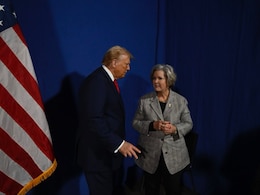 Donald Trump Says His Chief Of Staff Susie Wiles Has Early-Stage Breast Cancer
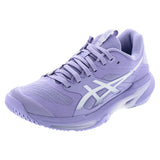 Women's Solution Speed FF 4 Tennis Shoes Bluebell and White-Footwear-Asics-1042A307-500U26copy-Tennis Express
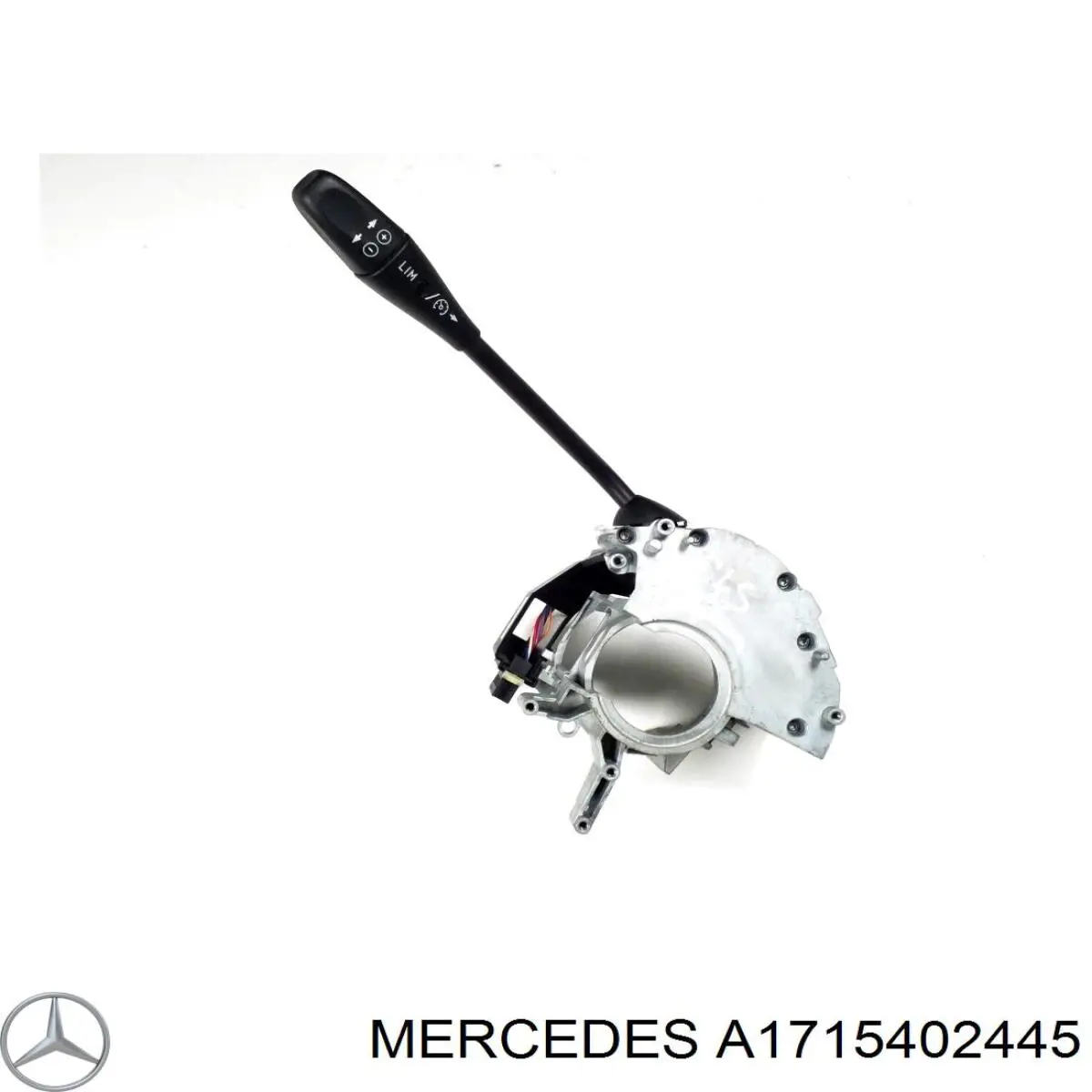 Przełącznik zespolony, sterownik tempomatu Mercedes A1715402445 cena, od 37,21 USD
===
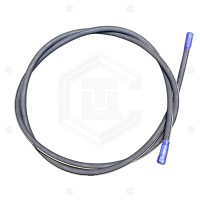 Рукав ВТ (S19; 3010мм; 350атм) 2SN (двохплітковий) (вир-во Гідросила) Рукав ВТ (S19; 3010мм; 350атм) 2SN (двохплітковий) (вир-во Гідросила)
===
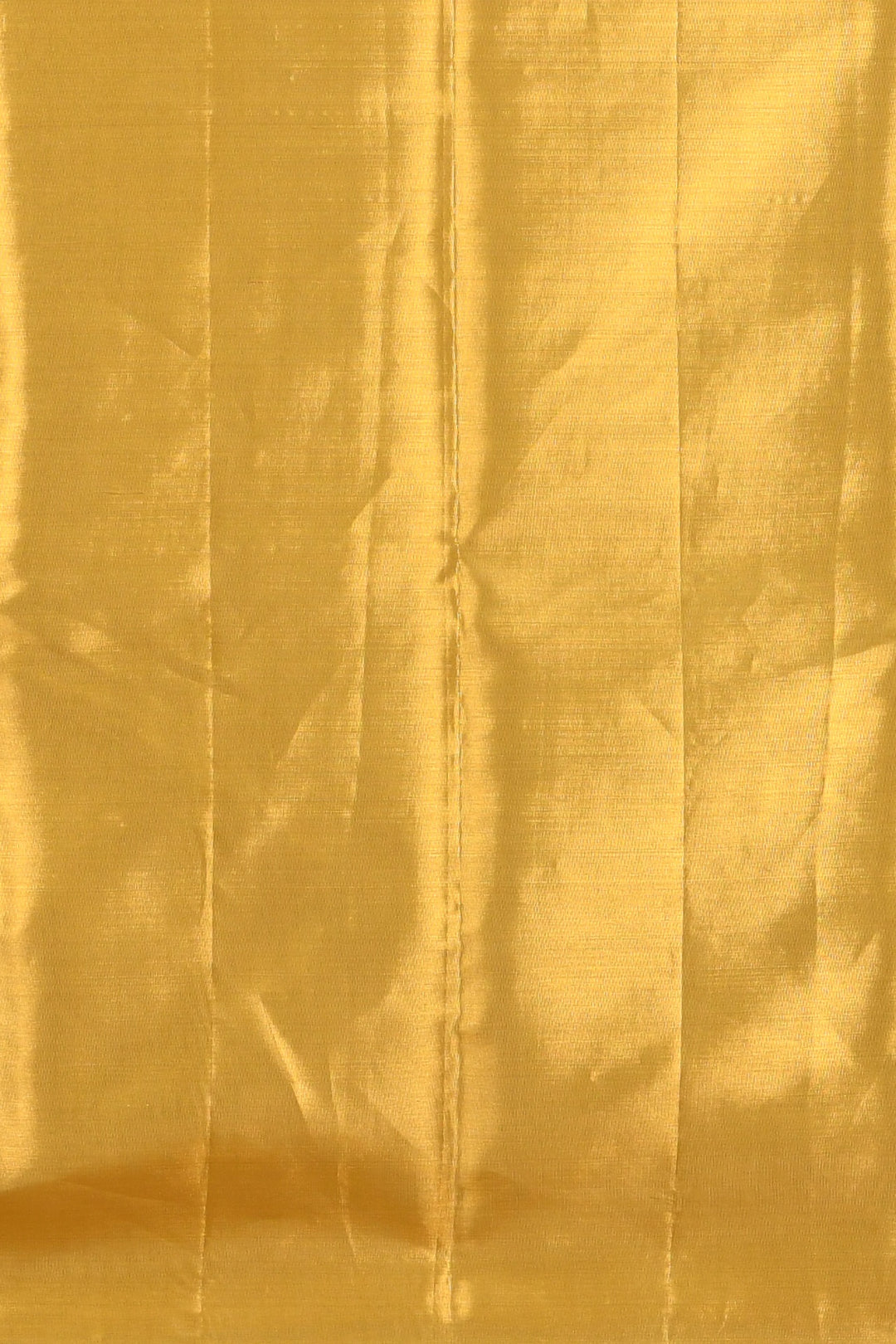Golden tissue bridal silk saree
===
# Requirement:
From the material above, give again exactly the lines from the one that contains "Donald Trump Says" through the one that contains "Przełącznik zespolony, sterownik", and leave out the pictures.

# Result below:
 Donald Trump Says His Chief Of Staff Susie Wiles Has Early-Stage Breast Cancer
 Women's Solution Speed FF 4 Tennis Shoes Bluebell and White-Footwear-Asics-1042A307-500U26copy-Tennis Express
 Przełącznik zespolony, sterownik tempomatu Mercedes A1715402445 cena, od 37,21 USD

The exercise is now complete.